The World Health Organization (WHO) works with countries across the globe to raise awareness of the value of vaccines and immunization and ensures that governments obtain the necessary guidance and technical support to implement high-quality immunization programmes.
The ultimate goal of World Immunization Week is for more people – and their communities – to be protected from vaccine-preventable diseases.

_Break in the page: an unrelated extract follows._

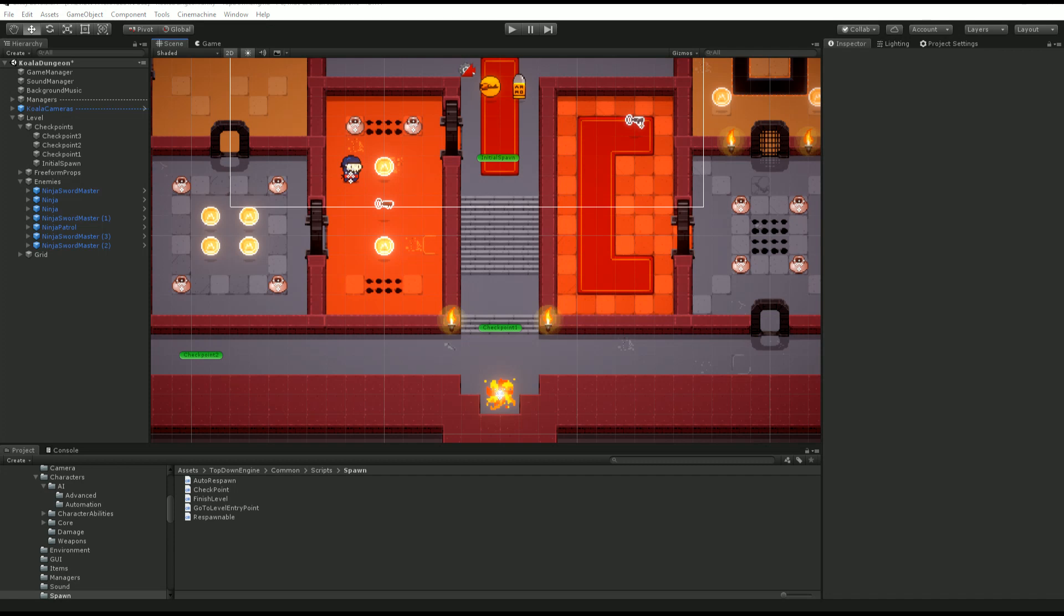And that's pretty much all there is to know about respawn and how to set up checkpoints in the top down engine. I hope you learned something new today. And I'll see you in the next video.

The World Immunization Week 2022 Campaign

A Long Life for All is not a promise, it's an ambition. 
Because everyone deserves a chance at a fulfilling life.​
One where we're free to pursue happiness. ​
And look back without wondering "What if?". ​

Vaccines have been indiscriminately saving lives since 1796.
The first Smallpox immunization was a fight back against disease.
For the first time, it gave everyone a chance.
And hundreds of vaccines later,​
Across two and a quarter centuries.
Billions of people have lived longer lives.​
Grown up to become firefighters. Doctors. Musicians. ​
Fathers. Mothers. Brothers. Sisters.​
Vaccines might not get credit for that first kiss.
That winning goal.​
That special day.​
That final hug.
But their worth isn't just measured in doses given. ​
It's in minutes given back.​
And lives prolonged.​

Vaccines provide opportunity and hope for all of us to enjoy ​a more fulfilling life. ​
And that's something we should all be fighting for.​
Vaccines, in the pursuit of a long life well lived.​

This World Immunization Week we can spread the message that vaccines provide everyone a chance at a fulfilling life - #LongLifeForAll.

Join us around the theme “Long Life For All” to unify people around the idea that vaccines make it possible for us to follow our dreams, protect our loved ones and live a long, healthy life.

Assets are available in all UN languages and open design files for your adaption to local context, to add your logo and/or for translation into further languages. Please treat as creative commons.

Starting from childhood, vaccines for common diseases like measles, diarrheal diseases and pneumonia allow us to go to school, play with friends and make memories with loved ones. And as we grow up and make new memories, other vaccines like those that protect against the flu or cervical cancer keep people healthy so that they can go to work, travel and spend more time with the people they love. Everyone deserves a chance to live a healthy, fulfilling life – no matter who they are or where they live.

We need to harness the commitment and expertise of programmes, partners, and advocates around the world to close the coverage gaps – and to reach the 23 million children who missed out on basic vaccines in 2020 - the highest number since 2009.


A Brief History of Vaccines

Since at least the 1400s, people have looked for ways to protect themselves against infectious disease. From the practice of “ variolation ” in the 15th century to today’s mRNA vaccines, immunization has a long history. Integral to that history has been the World Health Organization (WHO), whose global vaccine drives through the 20th and 21st centuries have played such a crucial role in reducing serious illness. For World Immunization Week, the WHO has teamed up with Google Arts & Culture and scientific institutions from around the world to bring this history vividly to life with A Brief History of Vaccination.